With this, the second mirror is driven in a vertical direction at a quasi-static speed that is slower than when the first mirror is driven horizontally. As such, the second mirror is affected less by air resistance than the first mirror. Thus, the control unit only needs to control the deflection angle of the first mirror, thereby simplifying the control of the laser light scan angle.
For example, in the projector according to an aspect of the present invention, the control unit may be configured to divide, into a plurality of voltage steps, a fluctuation amount of the scan driving voltage set relative to fluctuations in the atmospheric pressure, and incrementally change the scan driving voltage using the plurality of voltage steps.
Moreover, in the projector according to an aspect of the present invention, the control unit may be configured to change the scan driving voltage over a period spanning one or more frames relative to fluctuations in the atmospheric pressure.
When the fluctuation amount of the scan driving voltage is great and the drawing region distorts rapidly, this causes a feeling of discomfort for the user. However, with this, when the scan driving voltage is changed incrementally or over a period spanning one or more frames, it is possible to minimize discomfort felt by the user.
For example, in the projector according to an aspect of the present invention, the control unit may be configured to divide a predetermined atmospheric pressure range into a plurality of atmospheric pressure zones, and set the scan driving voltage to be identical for atmospheric pressures belonging to a same one of the atmospheric pressure zones.
This makes it possible to reduce the amount of fitting data, such as a lookup table (LUT), stored in memory, and simplify the configuration of the control unit.
It should be noted that the present invention can not only be achieved as a projector including the control unit having the above described characteristics, but also as a head-up display device including such a projector.
Moreover, the present invention can not only be achieved as a projector including the control unit having the above described characteristics, but also as a method of controlling the projector in which processes performed by the control unit having the above described characteristics included in the projector are implemented as steps.
With the projector according to an aspect of the present invention, it is possible to control variations in the drawing region caused by external atmospheric pressure and increase the quality of a projected image.
These and other objects, advantages and features of the invention will become apparent from the following description thereof taken in conjunction with the accompanying drawings that illustrate a specific embodiment of the present invention.
Hereinafter, an exemplary embodiment is described in greater detail with reference to the accompanying Drawings. It should be noted that the exemplary embodiment described below shows a specific example of the present invention. The numerical values, shapes, materials, structural elements, the arrangement and connection of the structural elements, steps, the processing order of the steps etc. shown in the following exemplary embodiment are mere examples, and therefore do not limit the present invention, which is limited by the appended Claims. Therefore, among the structural elements in the following exemplary embodiment, structural elements not recited in any one of the independent claims are described as preferred structural elements, and are not absolutely necessary to overcome the problem according to the present invention.

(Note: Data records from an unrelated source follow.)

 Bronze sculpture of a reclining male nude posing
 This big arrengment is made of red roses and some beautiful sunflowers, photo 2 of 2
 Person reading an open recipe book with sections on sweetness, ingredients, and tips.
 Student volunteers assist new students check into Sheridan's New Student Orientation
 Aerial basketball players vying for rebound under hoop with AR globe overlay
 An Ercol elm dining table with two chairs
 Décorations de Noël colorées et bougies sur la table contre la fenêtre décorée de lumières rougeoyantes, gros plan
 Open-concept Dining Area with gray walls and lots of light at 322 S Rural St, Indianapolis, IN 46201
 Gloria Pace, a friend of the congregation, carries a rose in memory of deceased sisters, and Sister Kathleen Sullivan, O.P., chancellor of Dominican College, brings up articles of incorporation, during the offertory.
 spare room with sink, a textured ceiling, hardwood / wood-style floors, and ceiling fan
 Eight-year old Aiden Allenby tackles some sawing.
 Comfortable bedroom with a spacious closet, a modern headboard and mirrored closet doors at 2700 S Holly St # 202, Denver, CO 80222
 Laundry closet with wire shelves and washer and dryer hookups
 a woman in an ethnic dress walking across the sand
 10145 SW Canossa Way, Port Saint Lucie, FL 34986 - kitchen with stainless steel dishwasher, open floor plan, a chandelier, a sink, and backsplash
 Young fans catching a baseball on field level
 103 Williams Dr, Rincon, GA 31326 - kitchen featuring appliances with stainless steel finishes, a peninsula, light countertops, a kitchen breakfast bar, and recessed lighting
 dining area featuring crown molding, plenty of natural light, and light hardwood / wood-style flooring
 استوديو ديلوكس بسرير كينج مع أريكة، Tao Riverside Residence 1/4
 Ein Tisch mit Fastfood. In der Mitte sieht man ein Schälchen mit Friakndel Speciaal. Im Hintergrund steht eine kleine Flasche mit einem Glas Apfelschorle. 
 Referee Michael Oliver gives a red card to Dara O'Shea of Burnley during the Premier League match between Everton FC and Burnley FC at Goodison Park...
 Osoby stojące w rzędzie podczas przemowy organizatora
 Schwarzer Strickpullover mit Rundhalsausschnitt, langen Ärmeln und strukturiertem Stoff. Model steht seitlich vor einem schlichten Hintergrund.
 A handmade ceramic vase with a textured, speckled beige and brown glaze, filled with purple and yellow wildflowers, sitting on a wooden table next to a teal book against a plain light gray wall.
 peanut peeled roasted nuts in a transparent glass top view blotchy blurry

Hereinafter, the function of each constituent component included in the projector 10 will be described in detail.
The CPU 101 is a processor that instructs the projector 10 and the display control unit 13. Additionally, the CPU 101 includes memory for storing data for, for example, controlling the scanning state of the laser light scanning unit 12.
The input unit 102 receives inputs such as those for turning on the HUD device 1 (the projector device 10), changing the projection angle of the image information, and changing the resolution of the projected image.
The display control unit 13 includes an image processing unit 131, a light source control unit 132, a light source driving unit 133, a scan control unit 134, and a scan driving unit 135. The display control unit 13 controls the laser light generating unit 11 and the laser light scanning unit 12 based on the instructions from the CPU 101.
The image processing unit 131 is configured to control the projection of the image information based on an image signal input from an external source. More specifically, the image processing unit 131 controls the driving of the MEMS mirror 121 via the scan control unit 134 and the scan driving unit 135 based on an image signal input from an external source. Moreover, the image processing unit 131 is configured to control the emission of laser light from the laser light sources 111 through 113, via the light source control unit 132 and the light source driving unit 133, in synchronization with the driving control of the MEMS mirror 121.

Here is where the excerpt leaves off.